The solution might lie in red teaming — stress testing AI by attackers and researchers to spot weaknesses early. But the current workforce is too small. Shayne Longpre, AI and policy researcher, argues for opening testing to the public — journalists, ethical hackers, scientists — to catch flaws usual testers might miss.

That requires standardized ‘AI flaw’ reports and better info-sharing. Longpre said:

"Some of the flaws in the systems that people were finding required lawyers, medical doctors to actually vet, actual scientists who are specialized subject matter experts to figure out if this was a flaw or not, because the common person probably couldn’t or wouldn’t have sufficient expertise."

Project Moonshot, backed by Singapore’s Infocomm Media Development Authority, IBM, and DataRobot, is building a toolkit for ongoing AI evaluation, combining benchmarking and red teaming. IBM’s Anup Kumar said:

"Evaluation is a continuous process that should be done both prior to and following the deployment of models."

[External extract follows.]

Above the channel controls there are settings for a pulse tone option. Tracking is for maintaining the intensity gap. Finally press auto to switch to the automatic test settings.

But uptake is mixed — many startups use the open-source platform, but more needs to be done. Future plans include industry-specific testing and multilingual red teaming.

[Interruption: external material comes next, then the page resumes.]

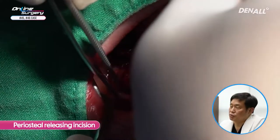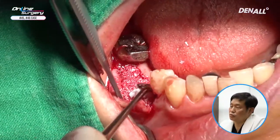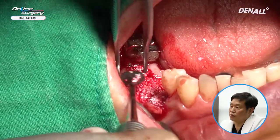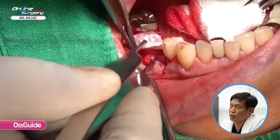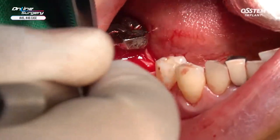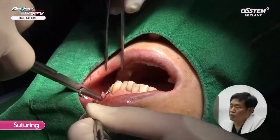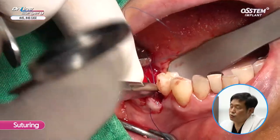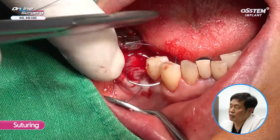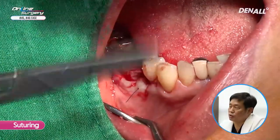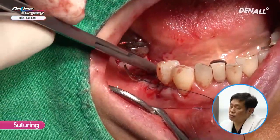In order to get primary closure on the buccal side because additional bone graft was done, more bone graft was added on the buccal side. AOS guide was used to cover the GBR site, and because a large AOS guide was used, two layers were applied. Suture was done. Using the mesial tooth number 4 as an anchor suture to prevent flap tearing, the flap was positioned tension-free.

Meanwhile, experts like Pierre Alquier from ESSEC Business School warn tech firms are rushing AI launches without proper vetting, unlike strict rules in pharma or aviation. He calls for tighter standards and narrower AI models focused on specific tasks to better predict misuse.

Rando agrees that general-purpose large language models open too many abuse angles, making robust defense impossible. He bluntly warns:

Tech companies should therefore avoid overclaiming that "their defenses are better than they are."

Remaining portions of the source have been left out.